Trump, too, sent troops to Los Angeles earlier this year after demonstrators challenged aggressive immigration raids that supported the president's pledge for mass deportations of immigrants without legal status. Citing Section 12406 of Title X of the U.S. Code, Trump nationalized the California National Guard, over the objections of California Gov. Gavin Newsom. He dispatched 4,200 National Guard soldiers and 700 Marines into Los Angeles.
"Title X is the body of statutes that govern the military," Nunn said. "The Insurrection Act is also part of Title X. He didn't use the Insurrection Act. Instead, he has used the statute, 12406, that is not historically understood as an authority that allows the president to deploy troops. It's instead always been seen as a federalization authority."
The Trump administration, however, has argued in court that the statute both approves deployment and acts as an exception to the Posse Comitatus Act, the law that bars federal troops from participating in law enforcement unless authorized by Congress.
"So the Trump administration's interpretation of this law is unprecedented," Nunn said. "It's novel. It's not consistent with how the statute has always been understood."
Trump has faced strong opposition from mayors and governors -- as well as judges -- as he has issued a series of orders that assigned the military to law enforcement duties.
In August, he called up 800 troops from the District of Columbia National Guard after declaring a crime emergency in Washington. Local officials pointed out that the crime rate had declined significantly, but they had little recourse in stopping the deployment.
"The president has a freer hand in D.C. because it's not a state, because it's the seat of the federal government, than he does anywhere else," Nunn said.
But last weekend, U.S. District Judge Karin Immergut, a Trump appointee, twice blocked the administration from sending National Guard troops into Portland, Oregon. Trump said the city has been "on fire for years," adding "I think that's all insurrection, really criminal insurrection."
Immergut's first order blocked the deployment of Oregon National Guard troops. Then Trump attempted to send troops from neighboring California. Immergut told the Department of Justice the second deployment was "in direct contravention" of her restraining order.
Some advisers reportedly urged Trump to declare martial law after he refused to accept the results of the 2020 presidential election. And some current aides have suggested Trump take strong action to put down what they claim is an insurrection by people protesting immigration policies.
While martial law and the Insurrection Act can be conflated, these are two separate concepts.

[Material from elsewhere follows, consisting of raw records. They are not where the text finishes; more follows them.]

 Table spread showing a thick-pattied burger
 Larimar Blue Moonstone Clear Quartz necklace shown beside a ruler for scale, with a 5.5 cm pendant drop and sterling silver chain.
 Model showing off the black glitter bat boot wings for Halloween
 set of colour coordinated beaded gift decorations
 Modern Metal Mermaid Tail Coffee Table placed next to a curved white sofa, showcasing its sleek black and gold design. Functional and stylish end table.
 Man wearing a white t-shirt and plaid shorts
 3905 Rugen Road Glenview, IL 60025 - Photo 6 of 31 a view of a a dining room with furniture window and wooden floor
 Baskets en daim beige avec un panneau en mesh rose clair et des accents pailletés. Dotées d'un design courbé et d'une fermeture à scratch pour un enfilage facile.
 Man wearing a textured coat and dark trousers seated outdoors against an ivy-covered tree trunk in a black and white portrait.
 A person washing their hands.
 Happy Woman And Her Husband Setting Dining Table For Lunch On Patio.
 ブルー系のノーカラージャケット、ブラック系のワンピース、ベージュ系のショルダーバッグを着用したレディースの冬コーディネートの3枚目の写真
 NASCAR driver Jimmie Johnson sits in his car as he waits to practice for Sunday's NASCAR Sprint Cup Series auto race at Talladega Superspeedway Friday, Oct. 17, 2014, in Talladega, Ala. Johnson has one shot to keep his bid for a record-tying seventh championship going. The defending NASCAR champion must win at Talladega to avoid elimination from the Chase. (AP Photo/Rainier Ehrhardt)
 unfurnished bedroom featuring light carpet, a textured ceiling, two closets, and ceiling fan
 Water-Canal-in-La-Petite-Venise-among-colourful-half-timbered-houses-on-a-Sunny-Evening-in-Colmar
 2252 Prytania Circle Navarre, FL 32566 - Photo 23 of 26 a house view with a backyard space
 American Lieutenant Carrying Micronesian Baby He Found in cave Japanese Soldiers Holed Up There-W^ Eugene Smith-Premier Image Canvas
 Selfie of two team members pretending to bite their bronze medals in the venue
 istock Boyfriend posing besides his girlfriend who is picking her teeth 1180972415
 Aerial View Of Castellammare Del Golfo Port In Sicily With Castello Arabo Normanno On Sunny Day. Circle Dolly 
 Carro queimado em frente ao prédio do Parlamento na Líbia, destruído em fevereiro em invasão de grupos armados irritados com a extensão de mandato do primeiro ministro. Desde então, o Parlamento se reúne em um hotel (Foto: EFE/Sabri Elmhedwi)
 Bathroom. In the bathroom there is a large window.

"The two terms are dramatically different, and they are frequently confused," Nunn said. "All that the Insurrection Act allows the president to do is use the military to suppress insurrections and to execute federal law... Martial law is a very different thing."
U.S. law does not expressly define martial law.
"It's been the subject of confusion and debate for basically the entirety of American history," Nunn said. "What that term usually refers to though is an emergency power that allows the military to push aside civilian government and exercise jurisdiction directly over civilians. ... It puts the military in charge of everything."
Supplanting civilian government with military rule is impossible to reconcile with the Constitution, Nunn said. "It goes against, you know, every basic principle of our constitutional system."